2. Embedding Weights — Design Intent (11 constants)
These weights control how text facets blend into identity and leaf vectors. They are deliberate design choices reflecting the relative importance of each signal. They are not arbitrary — they follow a consistent pattern documented below.
src/analysis/ingestion/embed/blend.ts
| Constant | Value | Role |
|---|---|---|
NAME_WEIGHT | 0.7 | Name vector in identity computation |
PATH_WEIGHT | 0.3 | Path signal in identity computation |
IDENTITY_WEIGHT | 0.5 | Name+path facet fused with description |
DESC_WEIGHT | 0.7 | Leaf's own description in leaf blending |
PARENT_SIGNAL_WEIGHT | 0.3 | Parent file's description signal on a leaf |
SIG_ONLY_WEIGHT | 0.7 | Signature when one auxiliary signal is present |
SINGLE_SIGNAL_WEIGHT | 0.3 | The single auxiliary signal (causes or calls) |
SIG_BOTH_WEIGHT | 0.6 | Signature when both causes and calls are present |
CAUSES_BOTH_WEIGHT | 0.25 | Causes signal when both auxiliaries are present |
CALLS_BOTH_WEIGHT | 0.15 | Calls signal when both auxiliaries are present |
src/analysis/ingestion/embed/containers.ts
| Constant | Value | Role |
|---|---|---|
IDENTITY_WEIGHT | 0.5 | Container's own identity vs aggregated children |
Design pattern
- Primary signal dominates at 0.7 — name over path, description over parent, signature over auxiliary.
- Secondary signals complement at 0.3 — enough to shift the vector, not enough to hijack it.
- When two secondaries compete, the split is 0.25 / 0.15 — prioritized by semantic richness (causes describe side effects, calls are weak structural hints).

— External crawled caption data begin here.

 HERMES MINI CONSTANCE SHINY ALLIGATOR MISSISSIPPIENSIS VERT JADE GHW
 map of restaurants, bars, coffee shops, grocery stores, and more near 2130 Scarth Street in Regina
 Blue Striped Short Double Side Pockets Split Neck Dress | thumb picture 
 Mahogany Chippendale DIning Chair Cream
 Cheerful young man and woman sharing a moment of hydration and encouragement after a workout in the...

- Container identity is 50/50 — a directory is half what it says it is (KURAL.md), half what it contains.
Placement blend weights
STRUCT_WEIGHT (0.75) and VOCAB_WEIGHT (0.25) in src/analysis/place/helpers.ts follow the same logic: structural content is more discriminating than declared identity for routing decisions. HALF_BLEND (0.5) is the uninformative prior — equal weight hedges between LCPN-projected and raw cosine similarity when there is no reason to prefer one.
3. Mathematical Constants (5 constants)
These are derived from formulas. They are not tuning parameters.

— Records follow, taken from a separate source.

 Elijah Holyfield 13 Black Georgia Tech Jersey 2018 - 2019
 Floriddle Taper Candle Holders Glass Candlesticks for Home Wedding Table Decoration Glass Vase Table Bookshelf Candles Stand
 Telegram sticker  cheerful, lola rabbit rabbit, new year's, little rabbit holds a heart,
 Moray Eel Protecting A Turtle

| Constant | Value | File | Derivation |
|---|---|---|---|
MAD_SCALE | 1.4826 | fence.ts | 1/Φ¯¹(¾) — makes MAD consistent with σ for normal data |
EIGEN_FLOOR | 1e-6 | lcpn.ts | Standard numerical precision floor for eigenvalue significance |
JACOBI_TOLERANCE | 1e-10 | lcpn.ts | IEEE double-precision convergence criterion for iterative eigendecomposition |
QUARTER_TURN | π/4 | lcpn.ts | Fallback rotation angle in Jacobi eigenmethod when diagonal elements are equal |
HALF_MULTIPLIER | 0.5 | lcpn.ts | Standard coefficient in Givens rotation formula: 0.5 × atan2(...) |
4. Definitional Constants (4 constants)
These follow from the definitions of the concepts they implement.

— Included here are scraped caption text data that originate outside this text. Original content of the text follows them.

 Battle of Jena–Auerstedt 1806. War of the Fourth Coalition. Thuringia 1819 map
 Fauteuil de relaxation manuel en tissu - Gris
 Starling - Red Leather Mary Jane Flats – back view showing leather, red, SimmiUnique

| Constant | Value | File | Why this value |
|---|---|---|---|
MIN_SUBSTANTIAL_CLUSTERS | 2 | bloated.ts | You cannot "split" into fewer than 2 groups. This is the definition of a split. |
HALF_RATIO | 0.5 | weak-identity.ts | "Majority" means more than half. A directory with weak identity is one where >50% of children fit an uncle better. This is a safety floor on top of the statistical fence — even if the fence is permissive, a majority must drift before flagging. |
MIN_PROBES | 2 | calibrate.ts | robustLowerFence returns −∞ for fewer than 2 values. Fewer than 2 probes means no calibration is statistically possible. |
IQR_TO_MAD | 2 | fence.ts | IQR ≈ 2·MAD for normal data. Converts IQR to MAD-equivalent scale as a fallback when MAD collapses to zero. |
5. Self-Calibrating Thresholds (7 constants)
These values derive from the codebase's own distributions at runtime. None are user-configurable — they adapt automatically, controlled by k. See Audits for each audit's detection logic.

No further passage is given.